First there was the prospective SEC chief, Mary Jo White, a tough former prosecutor who cashed in as a top defense attorney for big bankers post-bailout. When bankers like John Mack of Morgan Stanley needed to make insider charges go away or Jamie Dimon needed to make sure settling federal foreclosure fraud charges didn’t hurt too much, Mary Jo White was by their sides.

Then came the new Treasury secretary, Jacob Lew, the recipient of a series of lucrative favors from Citibank during his incredibly profitable trip through the Wall Street-Washington revolving door. The most galling was Citibank’s nearly $1 million bonus for Lew – after the bank was bailed out by taxpayers. The bonus was contingent upon him snagging a high-level government job.

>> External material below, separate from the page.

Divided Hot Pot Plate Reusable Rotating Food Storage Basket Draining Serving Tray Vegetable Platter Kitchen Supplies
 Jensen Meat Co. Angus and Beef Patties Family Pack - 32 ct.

That was not Lew’s only taste of taxpayer-funded generosity. Earlier, he got another big, highly unusual bonus on his way out the door from an executive position at state-financed New York University, after making a deal for Citibank to handle the school’s loan business. Meanwhile NYU students were seeing their tuition skyrocket. So after cutting a deal with Citibank, Lew gets a bonus from New York taxpayers to leave NYU. Then he gets hired by Citibank – no big surprise – and then gets a bonus to leave Citibank if he can become a high-ranked alumnus.

No wonder we call him “Lucky Lew.”

In the midst of all the recent furor over the sequester, the Senate confirmed Lew with little debate – and few answers to the many questions raised by his taxpayer-funded bonuses and benefits. One Republican senator spoke fiercely against Lew. Sen.Charles Grassley of Indiana said on the Senate floor, “Mr. Lew’s eagerness and skill in obtaining bonuses, severance payments, housing allowances and other perks raises concerns about whether he appreciates who pays the bills.”

Lew was confirmed with barely a peep from Republicans or Democrats. Independent Vermont Sen.Bernie Sanders, who caucuses with Democrats, voted against Lew.

Democrats fell in line with their president. But why did Republicans make so little fuss about Lew? (Only 25 voted against him.) Sen. Orrin Hatch, of Utah for example, offered a long list of reasons why choosing Lew was a bad idea, then voted for him.

This was after Republicans had mounted a robust attack on Obama’s nominee for defense secretary, Chuck Hagel, the former Republican senator from Nebraska. Hagel might have had an easier time if he was pushing Wall Street’s agenda of punishing the vast majority with of Americans with a bitter stew of unemployment, falling wages and austerity after a severe recession that Wall Street, not Main Street, caused.

Lew and White, meanwhile, have both offered comfort to the bankers. Lew told a Congressional committee that he doubted deregulation was a major cause of the financial collapse that wrecked the economy and forced taxpayers to pay for big bankers fraud and recklessness. For her part, White expressed concerns about overzealous prosecutors unfairly targeting bankers.

The latest candidate that Obama wants to put on the economic team, Sylvia Reynolds Burrell is, like Lew, an alumnus of the Clinton administration team who was mentored by then-Treasury secretary Robert Rubin. He helped big bankers’ dreams come undo true by working to end the Depression-era Glass-Steagall law before going through the revolving door himself to become Citibank’s president.

Reynolds went on to work at the Gates Foundation before taking over the Wal-Mart Foundation, the charitable arm of one the nation’s biggest and most profitable corporations, as well as one of the largest employers of low-wage workers.

She is not without ties to big financial institutions, serving on the board of directors of MetLife, the country’s biggest life insurance company. In the post Glass-Steagall world of high finance, Metlife through its subsidiaries lost big on bundled derivatives based on worthless real estate loans.

It’s quite a team the president is assembling, drawn from the country’s largest corporations and those who represent their interests. They may be very smart people.  They also share this: one can scrutinize their records and find no hint of any of them questioning the impact of excessive corporate power or the big banks, or advocating policies that would empower and revive the middle-class. President Obama’s economic team exposes the wide and painful gap between his election-year rhetoric about income inequality and his willingness to do something about it.

White has already said she will recuse herself, if she is confirmed, from cases involving her former clients – not that the SEC has shown much interest in scrutinizing the too-big-to fail banks. Lew should likewise remove himself any decision-making that would affect Citigroup, though that would leave him twiddling his thumbs for most days, since the Treasury’s main job in the Obama administration so far has been figuring out ways to prop up Citigroup and the other too-big-to-fail institutions.